I am working through a lot of feelings in my mind over the past 24 hours. I am trying to find a way to somehow get a grip on the changes going on with Mom. As I sat in Mom’s doctor’s office yesterday while she was getting upset at Dad and me I had this realization- this is not Mom speaking, this is MS speaking. It reminded me of what I used to say to my Grandpa when my Grandmother who had Alzheimer’s would be so mean to him- it’s not her, it’s the Alzheimer’s.
It is incredibly difficult for me to on one side be so angry at Mom but then on the other side I am laughing and talking about meaningless stuff. I can’t hate her. She is my Mom. I am not going to cut her out of my life. She is my Mom. I’m not going to stop speaking to her. She is my Mom. But in the same breath, as I sat there yesterday and watched her I couldn’t help but think, this isn’t my Mom.
In a perfect world I wouldn’t have to split these two identities up. In a perfect world Mom would cope with the fact that she has MS and start to accept it and deal with it instead of lashing out with such anger and borderline depression. But I don’t live in that perfect world. In my world I have a Mom who sometimes is the most wonderful Mom in the world and is the woman who is one of my best friends and confidante. Then it flips and I have a Mom who is angry, depressed, hurting, upset and creates a person who I don’t recognize. A person who I struggle to understand and a person who makes me angry in return.
I am not sure if it is the right frame of mind to take or not, but for the next few days I am going to try it out. Try to rationalize my two Moms to see if it can help me get a grip on the mix of emotions I am currently feeling.
**I can’t thank you enough for the support I received from such wonderful readers yesterday. Your comments, feedback and support meant the world to me. I pour my heart out on this blog and I never know how it will be received or how it will be taken by others. I am finding that I have made my own friends here in this virtual world as I navigate this sticky part of my life. You come here to listen to me share and not to judge. It means so much. I wanted to say thank you for being part of my journey in dealing with my Mom’s MS.**
Have you ever seen two distinct and conflicting personalities in someone you love because of a disease? Do you think this is a good or bad approach to try to take?
My dad was diagnosed with Lewy Body Dementia when he was in his early 60’s. His bad days can be really bad, and I’ve learned that it’s perfectly natural to mourn the loss of a parent who’s still with you.

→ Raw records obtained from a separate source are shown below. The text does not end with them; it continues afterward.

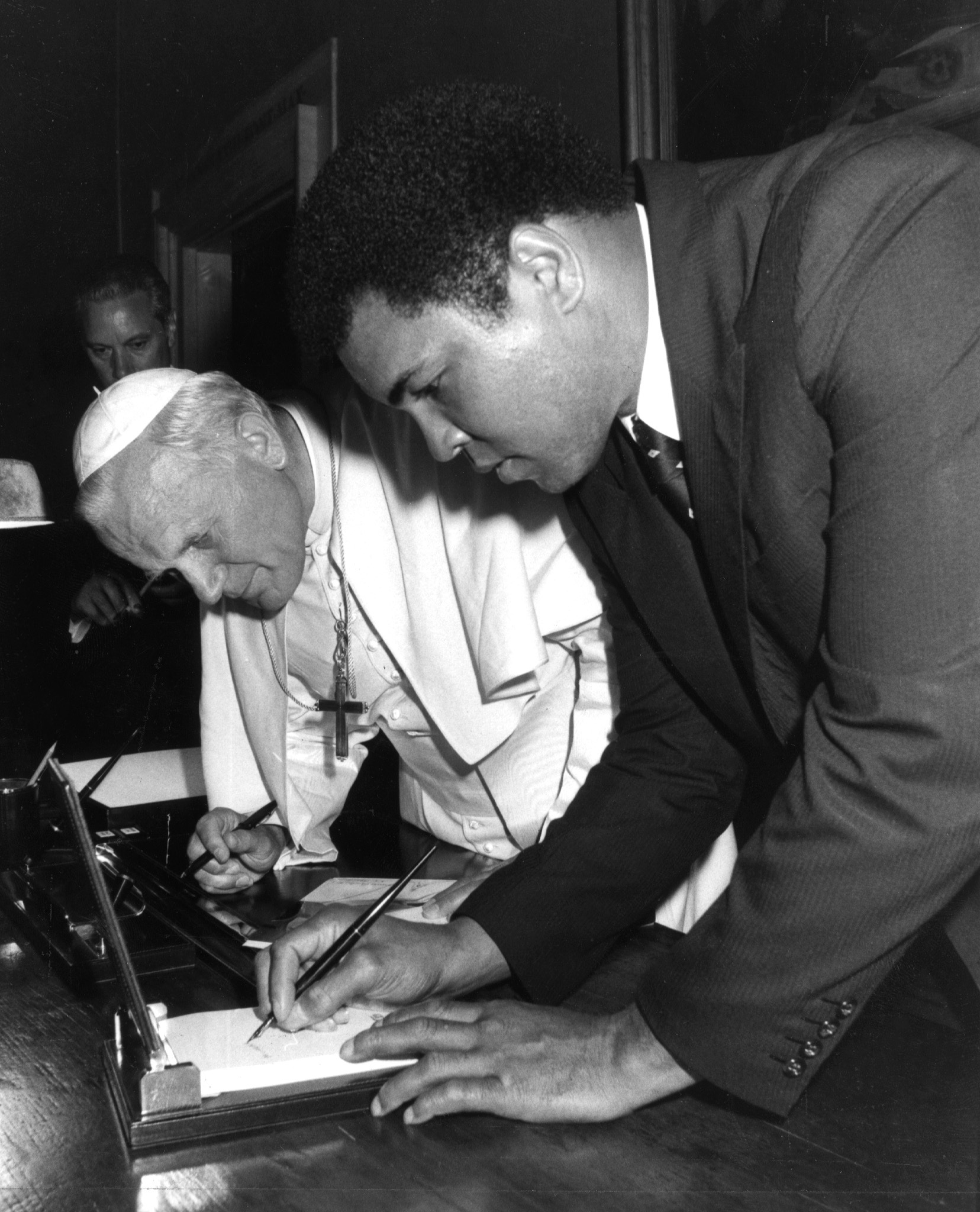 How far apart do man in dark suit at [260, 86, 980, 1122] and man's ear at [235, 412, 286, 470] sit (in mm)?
733

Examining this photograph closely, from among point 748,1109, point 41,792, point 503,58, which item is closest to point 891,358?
point 748,1109

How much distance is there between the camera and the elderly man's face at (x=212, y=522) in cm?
192

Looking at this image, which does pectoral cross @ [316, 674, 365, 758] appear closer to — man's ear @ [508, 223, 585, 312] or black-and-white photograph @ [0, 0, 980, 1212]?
black-and-white photograph @ [0, 0, 980, 1212]

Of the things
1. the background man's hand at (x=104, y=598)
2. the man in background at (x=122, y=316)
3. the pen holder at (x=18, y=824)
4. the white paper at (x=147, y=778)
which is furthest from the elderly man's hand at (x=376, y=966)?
the man in background at (x=122, y=316)

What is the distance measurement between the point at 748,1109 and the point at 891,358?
2.16 ft

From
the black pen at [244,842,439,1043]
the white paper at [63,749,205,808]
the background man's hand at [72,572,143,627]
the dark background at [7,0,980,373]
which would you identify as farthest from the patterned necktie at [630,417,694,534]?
the background man's hand at [72,572,143,627]

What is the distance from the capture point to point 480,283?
3.88ft

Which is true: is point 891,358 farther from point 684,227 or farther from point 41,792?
point 41,792

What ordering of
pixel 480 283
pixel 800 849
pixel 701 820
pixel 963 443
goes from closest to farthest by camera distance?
pixel 963 443 < pixel 800 849 < pixel 480 283 < pixel 701 820

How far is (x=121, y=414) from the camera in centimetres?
193

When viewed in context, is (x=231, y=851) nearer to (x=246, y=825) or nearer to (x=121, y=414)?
(x=246, y=825)

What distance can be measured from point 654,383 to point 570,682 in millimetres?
857

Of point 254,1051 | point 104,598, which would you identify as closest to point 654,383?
point 254,1051

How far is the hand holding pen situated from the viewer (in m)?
1.91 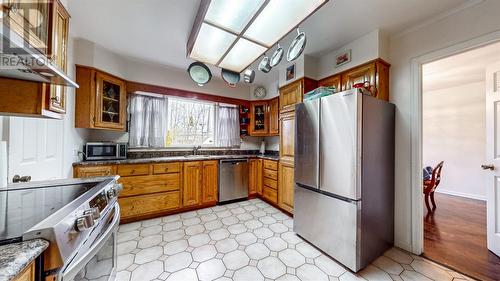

Hi Traci, Thank you for your comment. I think what you said is important for me to remember. A big part of this is that I am mourning the loss of a parent who is still with me. It seems strange to say that or even write it because in many ways it doesn’t seem like it makes sense. But when I really stop to focus on that and allow myself to feel the sadness and mourn, I think it helps me deal with Mom’s MS. Thank you for your comment!
You are handling this wonderfully and what feels right for you. It is tough dealing with a parent with a chronic illness. One that can alter their feelings and emotions. And I think the approach you are taking is an honest and healthy one.
I can’t speak as far as dealing with a loved one with an illness, but I can speak for myself. I have MS and once I was diagnosed, my family saw a rapid change in my emotions. I didn’t deal with it well and lashed out at everyone for no reason. And 99% of the time, I didn’t even realize I was doing it. It made me say and act in ways that were foreign to me. Some of it was the medicine I was on. Three of them cause depression and anxiety. And the other thing was because I never really came to terms with having this illness. It wasn’t until I went to therapy that I began processing all of this. But me going to therapy took three years after my diagnosis. I didn’t feel that I changed, but gradually I understood my emotions when I stepped back and finally heard the horrible things I was saying to those around me.
Your mother might not be ready right now to go to therapy. But hopefully in time she will and will be able to accept all this disease and the changes that is happening to her.
Stay strong and keep on being the great daughter that you are!!